Supplied data section start

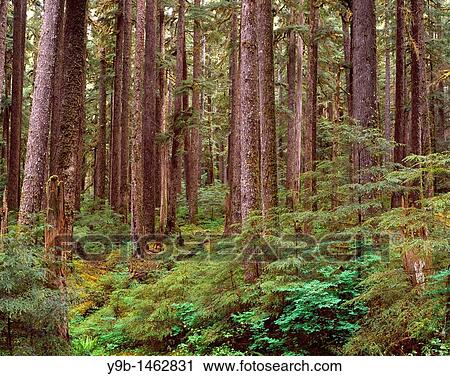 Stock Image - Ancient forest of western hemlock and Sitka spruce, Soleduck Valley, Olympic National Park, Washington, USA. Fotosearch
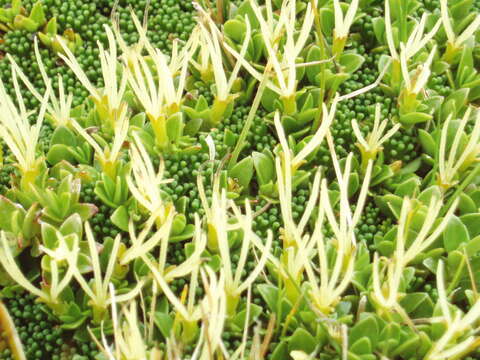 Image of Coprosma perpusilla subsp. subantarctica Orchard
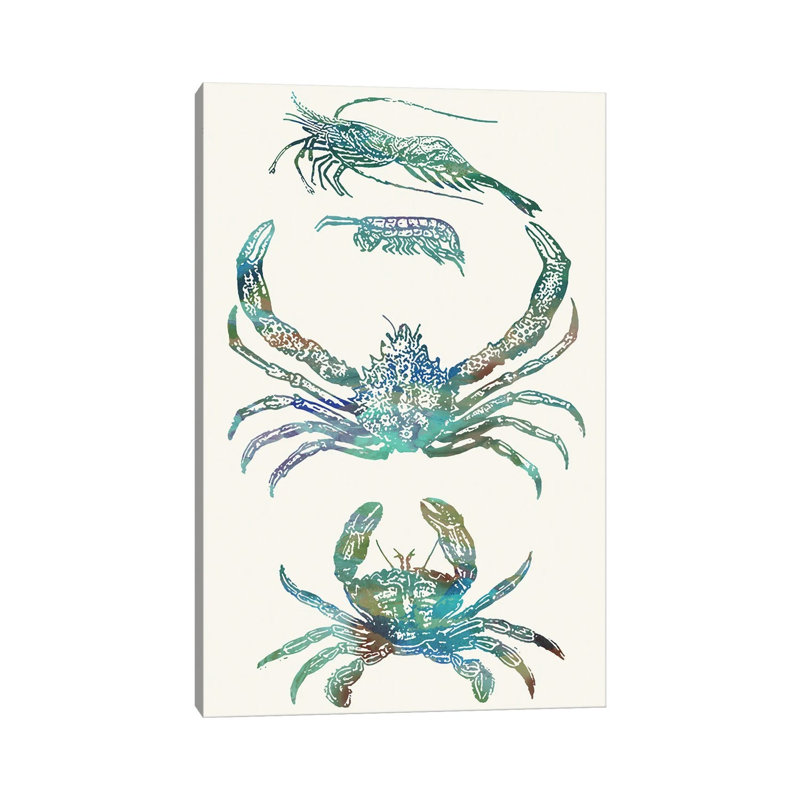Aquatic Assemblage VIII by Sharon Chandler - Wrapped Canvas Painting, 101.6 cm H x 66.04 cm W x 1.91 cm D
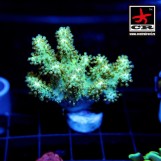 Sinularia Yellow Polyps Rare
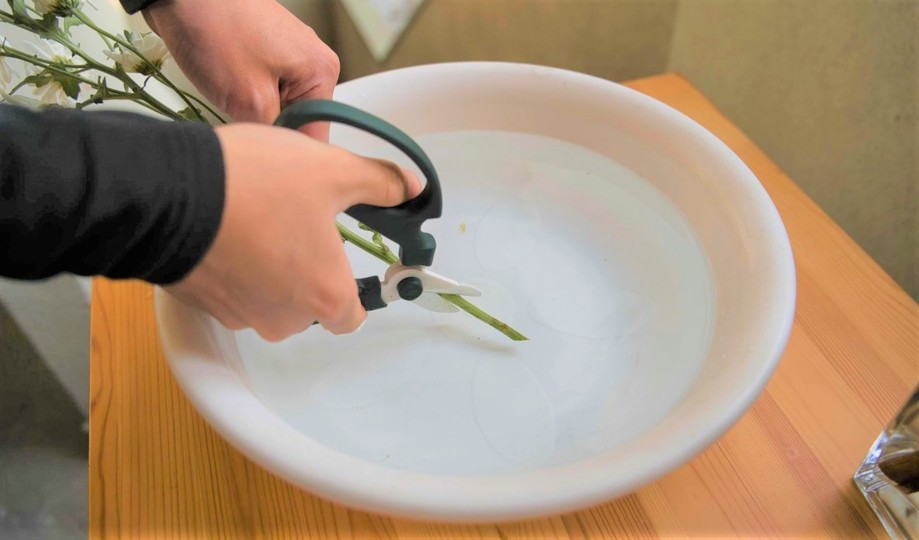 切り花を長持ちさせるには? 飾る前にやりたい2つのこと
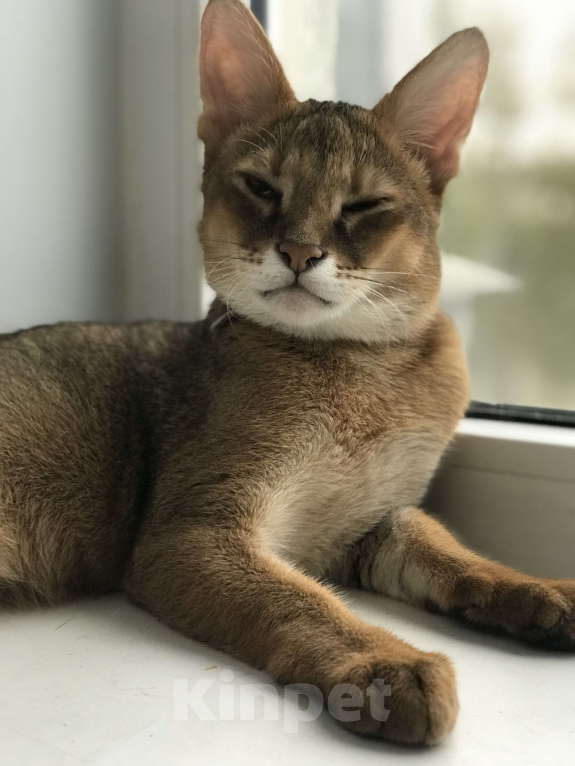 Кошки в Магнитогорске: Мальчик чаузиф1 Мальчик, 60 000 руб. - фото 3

Supplied data section end

Exercise - Once the pictures are set aside, please reproduce the remaining material word for word.

Response for this exercise -
 Stock Image - Ancient forest of western hemlock and Sitka spruce, Soleduck Valley, Olympic National Park, Washington, USA. Fotosearch
 Image of Coprosma perpusilla subsp. subantarctica Orchard
Aquatic Assemblage VIII by Sharon Chandler - Wrapped Canvas Painting, 101.6 cm H x 66.04 cm W x 1.91 cm D
 Sinularia Yellow Polyps Rare
 切り花を長持ちさせるには? 飾る前にやりたい2つのこと
 Кошки в Магнитогорске: Мальчик чаузиф1 Мальчик, 60 000 руб. - фото 3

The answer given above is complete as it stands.